Don't jump to conclusions. You may not have any gold in solution. Base metals will quickly precipitate gold that is dissolved----but it won't necessarily look like gold. You could expect anything from tiny gold flakes to a dark brown or black powder. If your solution is blue, chances are very good that it contains nothing of value.

It is in your best interest to carry out these operations to fruition, and do not rely on time alone. If two days isn't enough to dissolve base metals, by all means keep at it until they are all gone.

Assuming your solution tests for gold (you have tested with stannous chloride, right?), you can recover what gold is in solution with a precipitant of your choosing.

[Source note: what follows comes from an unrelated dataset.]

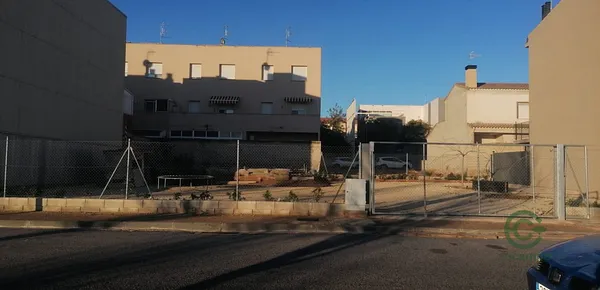 Terreno urbano de 0,012 ha en venta en Amposta, Tarragona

Do not discard anything from this operation. I get the idea that you're not following prescribed procedures and may well lose some of the gold if you do. If I had the material, I'd incinerate everything to eliminate carbonaceous materials, then start over, dissolving all the base metals until they were totally in solution. The end results from refining are always better if you can eliminate all traces of other elements.

Harold
 
Bob,

AP works best on scrap like fingers, whole cpus, and pins that are still in the header plastic.

It will dissolve loose pins also, but this takes quite some time, and your gold may actually end up as the dark powder instead of foils and flakes as Harold mentioned.

When you filtered the foils from the AP where they washed ith HCl throughly before moving to the HCl-Cl?

The key is to keep the volume of the solution great enough to absorb the base metals present and also to keep the peroxide content low enough that it doesn't dissolve the gold foils and flakes that are produced.

Excess peroxide will certainly dissolve the gold foils into the solution, which will latter be pushed out of the solution as the base metals dissolve. The gold then ends up as a dark fine powder instead of gold colored foils.

Mix up some stannous and check the AP solution for dissolved gold. If the leftover AP has a bright yellow ring around the top of the liquid when you swirl it, it most likely contains dissolved gold.

If it is barren then check the bottom of the bucket for a dark colored fine powder this will contian your gold.

How many pounds of pins did you process?